A Japanese friend of mine recently recommended Okuribito (Departures) saying what a beautiful film it was. I recalled hearing about it earlier this year and was vaguely aware that the film was about undertakers and funerals. I wasn’t particularly interested in watching something depressing but her comments and the cast list (I have a soft spot for Tsutomu Yamazaki) swayed me into watching it a few nights ago to relieve a particularly stressful day. And boy was I glad I did. It was surprisingly funny, sad, warm and big-hearted and each actor gave their utmost in rendering trully incredible performances. I laughed and cried all the way through it. It totally deserves the Oscar it won for the Best Foreign Language Film.

One of the qualms I have about Japanese modern day cinema is that, although they are beautifully shot and the stories engaging, sometimes the editing isn’t quite right. Often the film is too long without enough action (although I like my action films, I also like slow, contemplative ones too.) However, Okuribito was just perfect (except for one scene when the protagonist is playing his cello on the side of road to signal the passing of time…)

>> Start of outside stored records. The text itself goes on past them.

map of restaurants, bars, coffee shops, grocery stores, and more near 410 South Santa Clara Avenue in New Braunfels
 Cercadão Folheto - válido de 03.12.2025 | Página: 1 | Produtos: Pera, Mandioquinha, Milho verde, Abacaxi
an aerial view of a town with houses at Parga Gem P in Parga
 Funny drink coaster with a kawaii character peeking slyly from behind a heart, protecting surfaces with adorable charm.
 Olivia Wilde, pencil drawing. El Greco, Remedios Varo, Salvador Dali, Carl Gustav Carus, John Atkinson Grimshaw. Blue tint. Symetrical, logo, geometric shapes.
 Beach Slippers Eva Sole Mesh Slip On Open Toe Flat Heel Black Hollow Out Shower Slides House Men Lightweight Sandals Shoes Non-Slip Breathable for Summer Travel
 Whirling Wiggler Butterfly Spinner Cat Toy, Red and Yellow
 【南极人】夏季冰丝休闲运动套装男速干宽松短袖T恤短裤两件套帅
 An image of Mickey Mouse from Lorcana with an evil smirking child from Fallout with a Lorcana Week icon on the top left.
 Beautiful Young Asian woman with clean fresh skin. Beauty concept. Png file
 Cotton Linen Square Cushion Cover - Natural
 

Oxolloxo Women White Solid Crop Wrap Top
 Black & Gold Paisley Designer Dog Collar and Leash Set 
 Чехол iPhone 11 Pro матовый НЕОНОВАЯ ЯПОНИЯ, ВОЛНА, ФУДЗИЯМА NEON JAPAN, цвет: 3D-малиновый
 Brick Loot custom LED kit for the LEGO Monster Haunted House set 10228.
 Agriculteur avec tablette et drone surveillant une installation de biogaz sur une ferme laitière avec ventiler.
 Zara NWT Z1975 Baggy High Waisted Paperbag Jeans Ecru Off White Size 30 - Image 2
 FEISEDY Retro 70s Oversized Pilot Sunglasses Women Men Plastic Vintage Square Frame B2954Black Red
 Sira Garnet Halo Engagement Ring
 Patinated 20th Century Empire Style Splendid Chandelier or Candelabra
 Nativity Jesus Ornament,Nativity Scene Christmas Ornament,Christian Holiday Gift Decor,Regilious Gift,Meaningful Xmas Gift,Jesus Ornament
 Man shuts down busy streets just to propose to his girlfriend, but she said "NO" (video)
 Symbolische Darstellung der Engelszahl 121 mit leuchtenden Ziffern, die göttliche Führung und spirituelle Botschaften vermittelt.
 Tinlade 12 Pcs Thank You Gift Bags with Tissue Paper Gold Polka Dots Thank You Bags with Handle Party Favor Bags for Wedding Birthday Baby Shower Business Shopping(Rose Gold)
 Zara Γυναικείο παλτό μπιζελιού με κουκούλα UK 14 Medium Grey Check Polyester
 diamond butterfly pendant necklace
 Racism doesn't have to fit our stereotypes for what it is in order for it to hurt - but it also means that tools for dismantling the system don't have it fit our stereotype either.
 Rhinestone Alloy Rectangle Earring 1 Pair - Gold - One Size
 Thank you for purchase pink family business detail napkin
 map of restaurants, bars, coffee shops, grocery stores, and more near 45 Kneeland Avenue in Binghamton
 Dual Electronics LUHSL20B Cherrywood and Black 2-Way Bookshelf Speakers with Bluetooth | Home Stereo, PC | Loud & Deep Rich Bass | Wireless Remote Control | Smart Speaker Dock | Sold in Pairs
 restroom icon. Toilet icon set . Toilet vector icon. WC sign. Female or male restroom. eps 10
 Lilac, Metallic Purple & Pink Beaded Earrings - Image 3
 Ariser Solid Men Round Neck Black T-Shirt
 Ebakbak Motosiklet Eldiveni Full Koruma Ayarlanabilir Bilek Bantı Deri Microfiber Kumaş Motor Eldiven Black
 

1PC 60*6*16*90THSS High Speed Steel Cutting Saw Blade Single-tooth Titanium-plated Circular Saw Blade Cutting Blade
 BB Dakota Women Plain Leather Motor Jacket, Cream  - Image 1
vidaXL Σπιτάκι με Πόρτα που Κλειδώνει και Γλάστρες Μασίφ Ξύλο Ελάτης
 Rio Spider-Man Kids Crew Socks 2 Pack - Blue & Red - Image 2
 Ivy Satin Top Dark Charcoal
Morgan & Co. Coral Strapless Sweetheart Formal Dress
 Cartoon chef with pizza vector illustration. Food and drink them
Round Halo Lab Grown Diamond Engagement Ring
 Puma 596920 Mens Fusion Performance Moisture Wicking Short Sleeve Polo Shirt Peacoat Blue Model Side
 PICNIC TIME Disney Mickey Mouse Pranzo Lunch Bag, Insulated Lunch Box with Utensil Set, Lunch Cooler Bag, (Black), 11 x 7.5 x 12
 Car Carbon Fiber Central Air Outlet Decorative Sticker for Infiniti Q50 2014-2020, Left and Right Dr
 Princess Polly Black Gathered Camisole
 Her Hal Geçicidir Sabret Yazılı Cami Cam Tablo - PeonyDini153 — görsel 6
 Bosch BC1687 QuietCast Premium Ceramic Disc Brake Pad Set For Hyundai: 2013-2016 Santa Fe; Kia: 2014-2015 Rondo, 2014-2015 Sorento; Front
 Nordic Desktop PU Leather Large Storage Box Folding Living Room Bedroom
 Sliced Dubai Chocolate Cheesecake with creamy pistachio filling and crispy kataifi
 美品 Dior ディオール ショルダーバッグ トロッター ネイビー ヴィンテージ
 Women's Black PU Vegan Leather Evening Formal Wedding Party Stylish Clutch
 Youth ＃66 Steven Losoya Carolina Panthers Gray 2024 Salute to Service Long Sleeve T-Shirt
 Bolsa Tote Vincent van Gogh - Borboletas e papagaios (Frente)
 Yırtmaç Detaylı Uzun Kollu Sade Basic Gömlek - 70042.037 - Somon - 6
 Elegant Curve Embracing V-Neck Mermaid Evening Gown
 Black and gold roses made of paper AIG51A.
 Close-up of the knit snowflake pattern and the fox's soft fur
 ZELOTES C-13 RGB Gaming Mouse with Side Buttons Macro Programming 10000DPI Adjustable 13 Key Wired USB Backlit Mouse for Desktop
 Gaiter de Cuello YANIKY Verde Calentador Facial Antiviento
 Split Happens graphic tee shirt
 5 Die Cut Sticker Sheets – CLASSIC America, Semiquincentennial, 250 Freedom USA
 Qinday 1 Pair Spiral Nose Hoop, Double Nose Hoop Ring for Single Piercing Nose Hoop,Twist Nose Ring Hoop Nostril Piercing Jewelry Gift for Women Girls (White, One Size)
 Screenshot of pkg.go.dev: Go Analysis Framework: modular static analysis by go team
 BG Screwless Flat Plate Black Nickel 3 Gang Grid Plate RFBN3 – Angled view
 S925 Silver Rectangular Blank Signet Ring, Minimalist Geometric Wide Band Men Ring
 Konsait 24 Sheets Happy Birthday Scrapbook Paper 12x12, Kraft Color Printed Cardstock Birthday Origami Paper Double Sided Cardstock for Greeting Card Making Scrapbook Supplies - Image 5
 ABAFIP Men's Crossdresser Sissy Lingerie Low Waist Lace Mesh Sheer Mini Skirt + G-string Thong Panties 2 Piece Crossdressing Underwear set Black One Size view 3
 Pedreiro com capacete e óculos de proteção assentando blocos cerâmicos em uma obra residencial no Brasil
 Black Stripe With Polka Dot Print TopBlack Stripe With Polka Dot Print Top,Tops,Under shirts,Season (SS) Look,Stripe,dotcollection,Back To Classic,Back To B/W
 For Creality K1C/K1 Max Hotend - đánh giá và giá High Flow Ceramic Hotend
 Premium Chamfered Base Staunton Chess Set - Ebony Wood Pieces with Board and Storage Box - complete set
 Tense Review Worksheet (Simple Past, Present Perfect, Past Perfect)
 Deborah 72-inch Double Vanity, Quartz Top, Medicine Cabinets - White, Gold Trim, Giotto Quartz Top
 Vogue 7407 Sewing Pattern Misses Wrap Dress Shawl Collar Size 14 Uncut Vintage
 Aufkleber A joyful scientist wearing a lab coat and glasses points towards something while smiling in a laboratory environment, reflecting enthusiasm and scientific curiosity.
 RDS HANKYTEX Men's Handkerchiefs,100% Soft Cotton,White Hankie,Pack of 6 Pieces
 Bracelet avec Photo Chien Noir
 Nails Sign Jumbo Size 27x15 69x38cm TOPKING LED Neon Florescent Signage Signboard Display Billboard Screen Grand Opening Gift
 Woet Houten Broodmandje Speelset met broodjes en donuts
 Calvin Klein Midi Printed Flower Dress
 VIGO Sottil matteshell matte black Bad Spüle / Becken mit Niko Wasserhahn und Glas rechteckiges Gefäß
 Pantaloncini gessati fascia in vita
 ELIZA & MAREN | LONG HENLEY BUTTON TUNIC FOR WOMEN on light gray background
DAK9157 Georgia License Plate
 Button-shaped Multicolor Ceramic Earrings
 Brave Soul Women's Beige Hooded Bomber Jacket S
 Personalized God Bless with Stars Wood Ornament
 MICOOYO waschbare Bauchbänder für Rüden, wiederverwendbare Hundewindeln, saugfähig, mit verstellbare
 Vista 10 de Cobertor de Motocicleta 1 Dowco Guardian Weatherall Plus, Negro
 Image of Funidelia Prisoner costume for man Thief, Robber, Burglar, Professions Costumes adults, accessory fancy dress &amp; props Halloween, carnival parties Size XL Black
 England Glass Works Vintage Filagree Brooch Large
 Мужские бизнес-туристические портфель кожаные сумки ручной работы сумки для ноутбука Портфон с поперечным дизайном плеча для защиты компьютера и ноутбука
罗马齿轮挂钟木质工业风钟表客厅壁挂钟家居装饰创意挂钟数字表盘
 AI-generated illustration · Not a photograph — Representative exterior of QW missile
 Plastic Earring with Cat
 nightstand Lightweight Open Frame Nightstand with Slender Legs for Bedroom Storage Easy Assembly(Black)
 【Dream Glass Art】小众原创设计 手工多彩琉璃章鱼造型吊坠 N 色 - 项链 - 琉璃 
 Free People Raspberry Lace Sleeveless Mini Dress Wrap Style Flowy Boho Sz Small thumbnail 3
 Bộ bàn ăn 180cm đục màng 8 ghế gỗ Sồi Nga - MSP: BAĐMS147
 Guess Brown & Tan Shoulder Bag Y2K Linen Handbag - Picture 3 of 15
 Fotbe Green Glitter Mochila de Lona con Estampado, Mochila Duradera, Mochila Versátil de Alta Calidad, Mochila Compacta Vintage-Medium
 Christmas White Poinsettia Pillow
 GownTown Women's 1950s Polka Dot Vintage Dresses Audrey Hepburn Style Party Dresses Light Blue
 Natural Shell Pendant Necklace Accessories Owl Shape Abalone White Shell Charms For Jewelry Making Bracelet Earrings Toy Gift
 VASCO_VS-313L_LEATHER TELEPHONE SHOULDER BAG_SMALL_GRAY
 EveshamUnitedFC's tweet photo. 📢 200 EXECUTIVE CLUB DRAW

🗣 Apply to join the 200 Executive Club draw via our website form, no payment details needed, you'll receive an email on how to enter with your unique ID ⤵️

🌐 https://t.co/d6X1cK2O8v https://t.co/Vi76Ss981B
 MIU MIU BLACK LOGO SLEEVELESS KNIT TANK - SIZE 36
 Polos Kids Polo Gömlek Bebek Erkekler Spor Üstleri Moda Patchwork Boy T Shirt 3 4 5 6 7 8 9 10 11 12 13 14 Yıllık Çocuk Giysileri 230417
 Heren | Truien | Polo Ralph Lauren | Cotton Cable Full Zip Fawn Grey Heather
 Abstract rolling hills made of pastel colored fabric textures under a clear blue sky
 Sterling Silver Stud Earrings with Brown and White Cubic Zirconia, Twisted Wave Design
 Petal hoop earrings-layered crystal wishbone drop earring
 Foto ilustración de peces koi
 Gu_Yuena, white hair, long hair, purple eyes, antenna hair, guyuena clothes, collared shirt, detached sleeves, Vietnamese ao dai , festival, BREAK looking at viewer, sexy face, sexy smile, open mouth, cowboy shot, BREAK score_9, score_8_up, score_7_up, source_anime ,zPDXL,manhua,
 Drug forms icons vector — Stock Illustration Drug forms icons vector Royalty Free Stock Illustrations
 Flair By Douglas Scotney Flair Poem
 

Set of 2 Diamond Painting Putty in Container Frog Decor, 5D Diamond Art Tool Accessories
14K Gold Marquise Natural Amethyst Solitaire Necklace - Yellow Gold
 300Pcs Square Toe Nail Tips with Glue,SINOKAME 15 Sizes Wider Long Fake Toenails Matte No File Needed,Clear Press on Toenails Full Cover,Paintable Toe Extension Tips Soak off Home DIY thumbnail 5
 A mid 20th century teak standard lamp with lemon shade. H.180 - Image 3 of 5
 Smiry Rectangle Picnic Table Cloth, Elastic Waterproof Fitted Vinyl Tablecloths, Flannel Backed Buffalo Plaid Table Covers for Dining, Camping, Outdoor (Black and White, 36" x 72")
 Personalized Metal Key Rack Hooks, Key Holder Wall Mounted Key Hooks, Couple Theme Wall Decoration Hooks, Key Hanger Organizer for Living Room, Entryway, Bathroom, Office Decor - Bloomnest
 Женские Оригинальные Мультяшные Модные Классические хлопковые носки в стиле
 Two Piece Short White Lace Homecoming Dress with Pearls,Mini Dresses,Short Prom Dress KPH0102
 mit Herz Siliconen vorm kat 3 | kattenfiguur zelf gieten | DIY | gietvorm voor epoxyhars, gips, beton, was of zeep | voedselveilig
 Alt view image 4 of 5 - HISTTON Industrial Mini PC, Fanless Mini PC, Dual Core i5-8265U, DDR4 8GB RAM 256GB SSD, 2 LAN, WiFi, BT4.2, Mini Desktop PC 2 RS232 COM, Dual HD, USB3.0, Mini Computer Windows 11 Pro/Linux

The main character Daigo played by Masahiro Motoki was inspired. I have always known him as Mok-kun (as he was affectionately known way back in the 80s as a member of the aidoru group Shibugakitai) and I never realised what a good actor he was. His facial expressions alone could have carried the film. The supporting cast of Tsutomu Yamazaki (his boss), Ryoko Hirosue (his wife) and Kimiko Yo (his colleague) were all reassuringly familiar and understated. It is a quiet film with big themes.

The film begins with Dai returning to his home town after his dream of becoming a professional orchestral cellist is dashed. He has to deal with memories of his father who had dissapeared leaving his mother to bring him up alone. She had left him her coffeeshop/bar when she passed away a few years back but he had been abroad at the time and was unable to make it to her funeral. Dai is an isolated figure, keeping his problems to himself and unable to confide in his supportive wife. This becomes a problem when he is unable to refuse a position at the local encoffinment company and is drawn into lying about his work. Soon old prejudices regarding working with the dead start to surface especially in such a small town. How Dai deals with this and how his perspective on life, love and family changes is the central theme of this film. What you can do for the one you love is to prepare and send them off to the next world.

Although the film is about death, the director Yojiro Takita and writer Kundo Koyama leave you thinking about life.